Total War : Rome II

Avec Rome II Total War, ne vous attendez pas à un simple jeu de stratégie dont la seule et unique motivation consisterait en l'annihilation du monde, il s'agit ici d'une plongée dans un univers antique fidèlement reproduit qu'il faudra modeler à votre image. Passé outre les quelques problèmes techniques qui seront oubliés d'ici quelques semaines, retenons ce nouvel opus comme étant un nouveau moyen d'explorer l'histoire dans toute sa subtilité et sa barbarie... Total War reste et restera encore pour longtemps LA série de stratégie historique.
Les plus
  • L'aspect visuel
  • L'ambiance sonore
  • L'équilibre stratégie/wargame
  • Les possibilités de ces deux modes
Les moins
  • Très instable (Crash, chute de FPS, etc.)
  • De petits bugs graphiques
  • Pas de nouveauté bouleversante

On l’attendait au tournant, il est enfin là, le jeu ayant reçu pléthore de nominations à l’E3. Successeur des titres à grand succès de la série Total War, Rome II. Une nouvelle fois, la question du travail minutieux de Creative Assembly se pose, studio qui a toujours fait mouche jusqu’alors, peut-il manquer le coche et nous proposer une expérience fade de l’antiquité ? Réponse maintenant.

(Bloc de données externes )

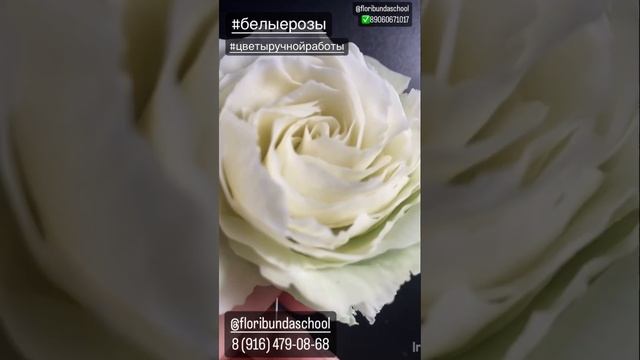 Роза Маркиза Ангелов, белые тюльпаны, желтые кустовые розы из полимерной глины (холодного фарфора) смотреть онлайн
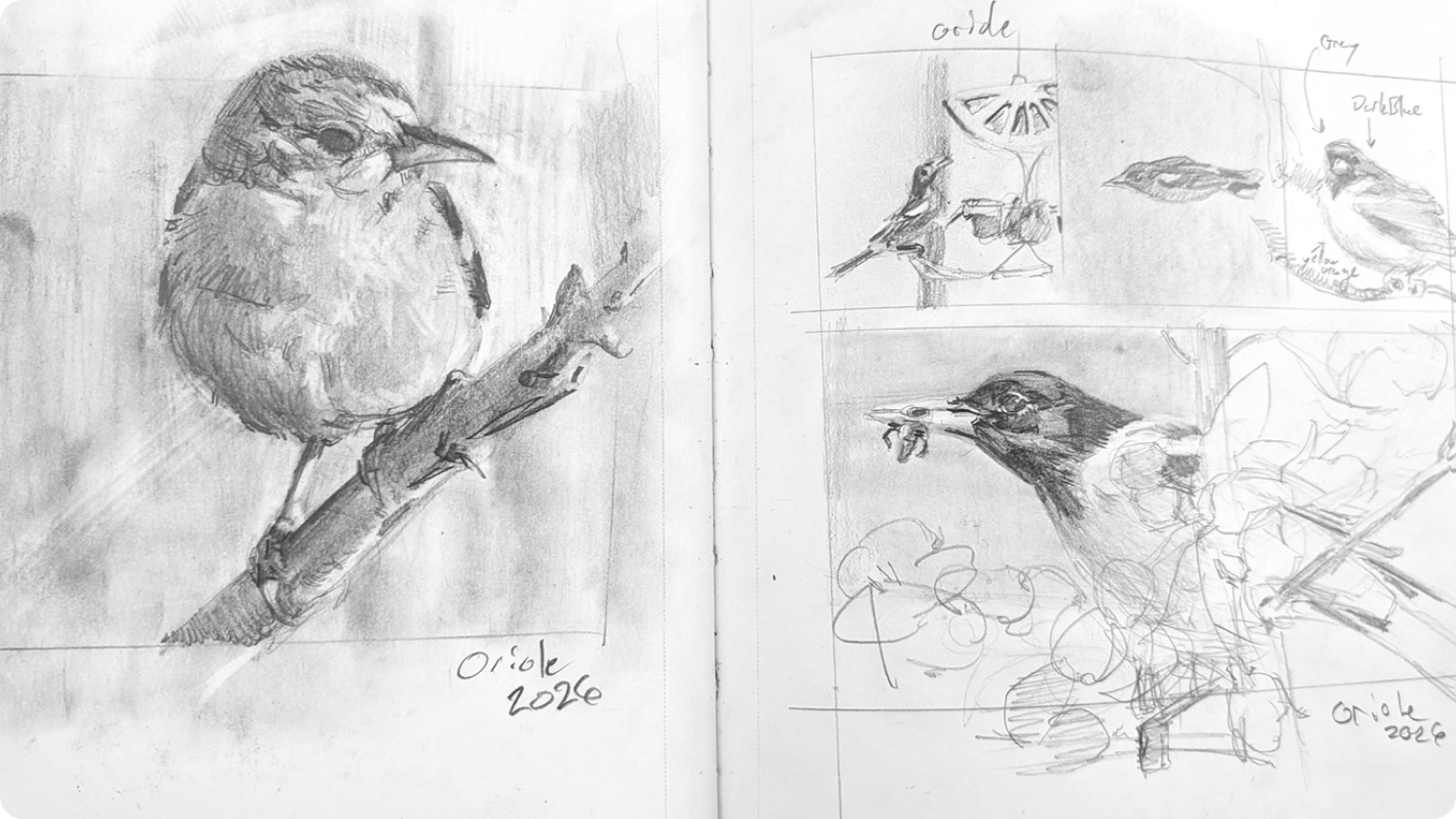 Pencil field sketchbook studies of an Oriole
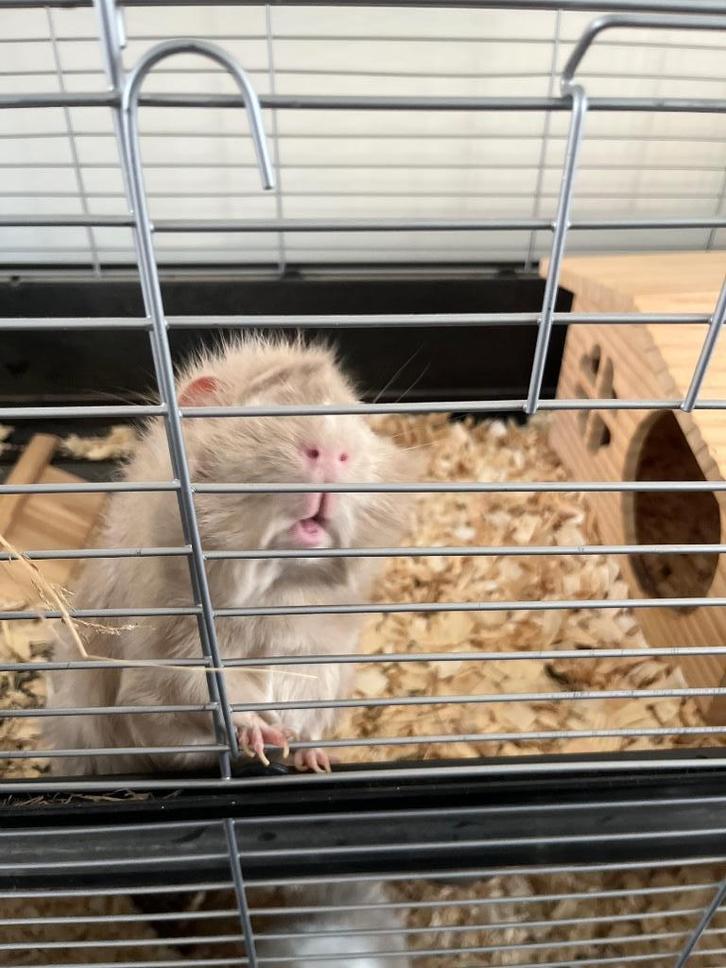 Cavia, Dieren en Toebehoren, Knaagdieren, Mannelijk, Cavia, Maart, Tam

De solides bases, d’honorables nouveautés

Morituri te salutant

Morituri te salutant

Rappelons tout d’abord rapidement le fonctionnement d’un Total War. Il s’agit d’une série ayant depuis ses prémices fonctionné sur un système d’alternance entre wargame tour par tour et stratégie temps réel. En somme, vous devez mener une faction de son éclosion jusqu’à une gloire atemporelle, usant de moyens politiques, diplomatiques, militaires. Bref, les paramètres pour accéder au sommet du monde sont légion dans un Total War et le joueur novice devra prendre un certain temps pour s’acclimater à ce jeu riche de possibilités. Nous l’avons dit, une phase de stratégie temps réel fait, elle aussi, partie intégrante du jeu. Dans celle-ci, vous contrôlerez des unités de troupes diverses, et encore une fois, le stratège sommeillant en vous aura intérêt à se réveiller. En effet, chaque paramètre compte, du dénivelé du terrain jusqu’au moral de chaque unité en passant évidemment par les caractéristiques propres à chaque corps d’armée. Enfin, tout ceci ne serait pas aussi attractif sans un enrobage aux petits oignons, c’est pourquoi la série Total War fait partie de ces jeux dits « vitrine technologique » de par son aspect ultra-réaliste, et ce, dans la dimension des batailles comme dans le visuel.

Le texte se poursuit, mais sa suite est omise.